§ Data segment:
§

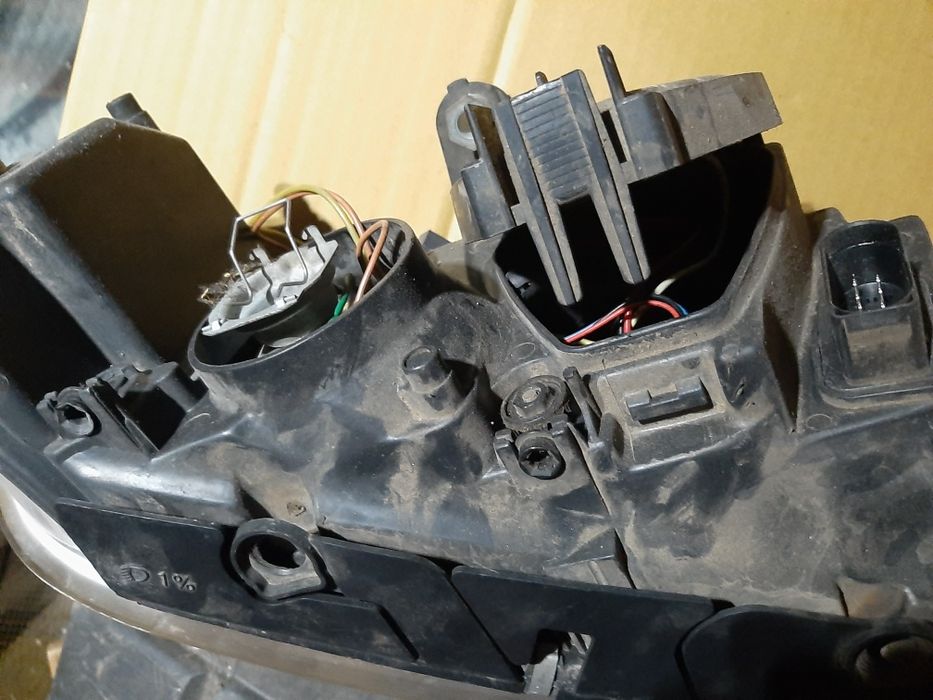 Faruri universale vw passat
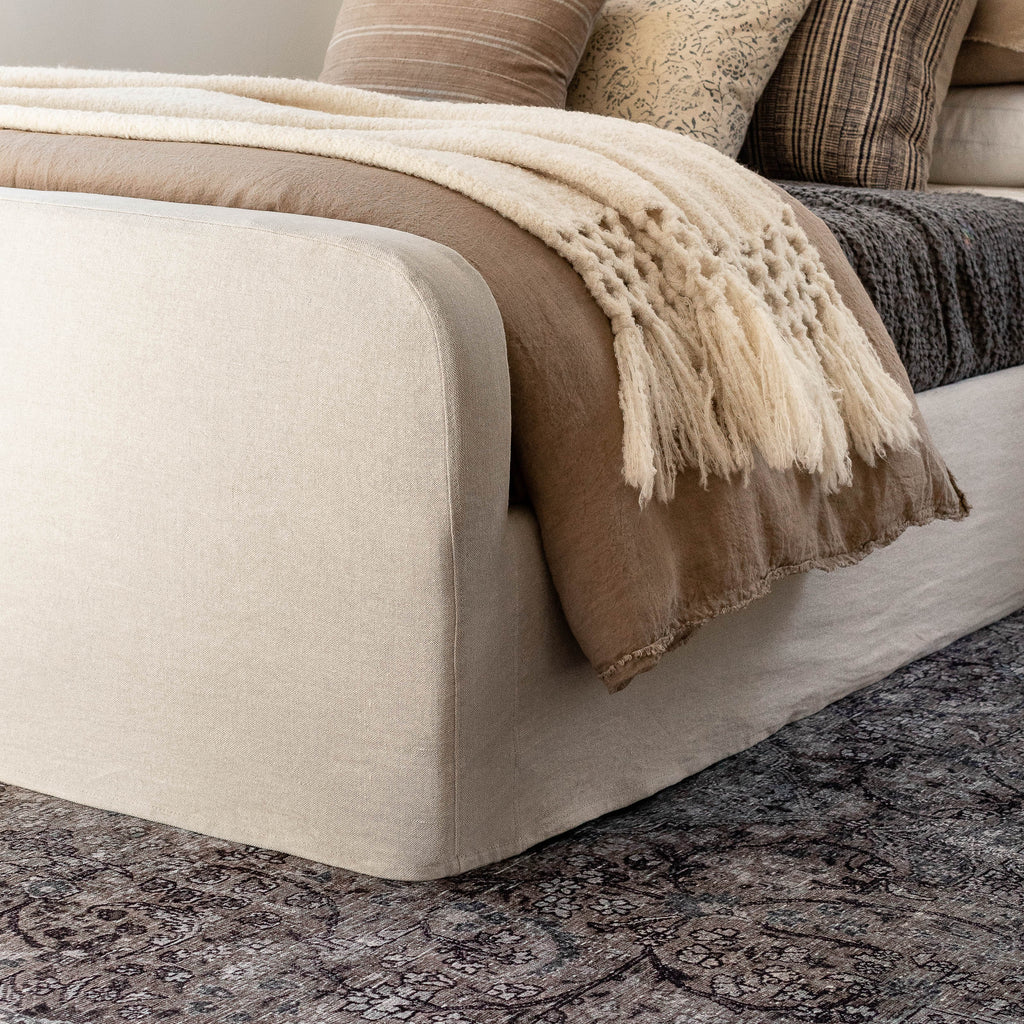 Shelby Bed with Footboard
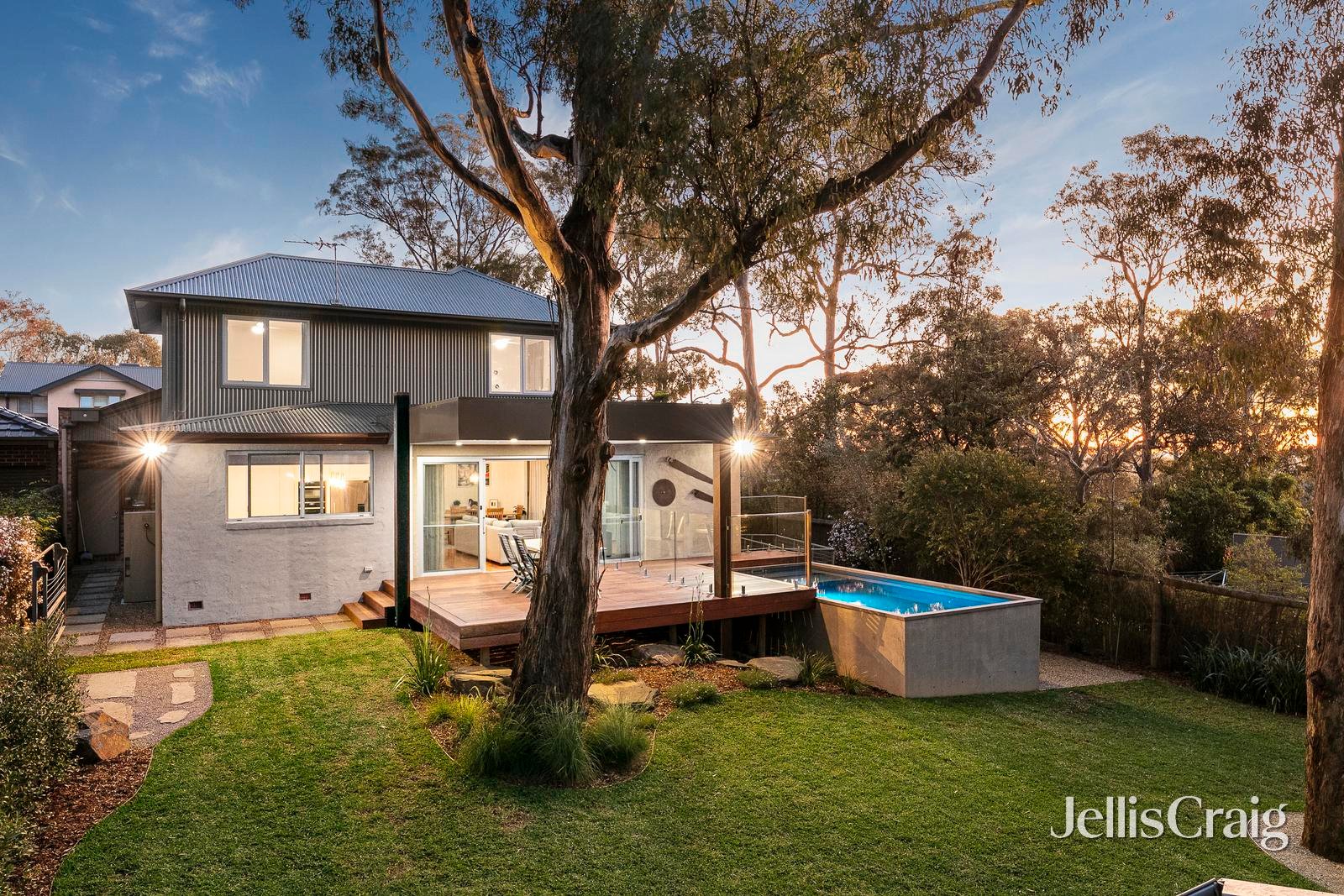 3 Hill Mews, Eltham image 1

§

An exact copy of all the lines above is required, with the pictures removed.

 Faruri universale vw passat
 Shelby Bed with Footboard
 3 Hill Mews, Eltham image 1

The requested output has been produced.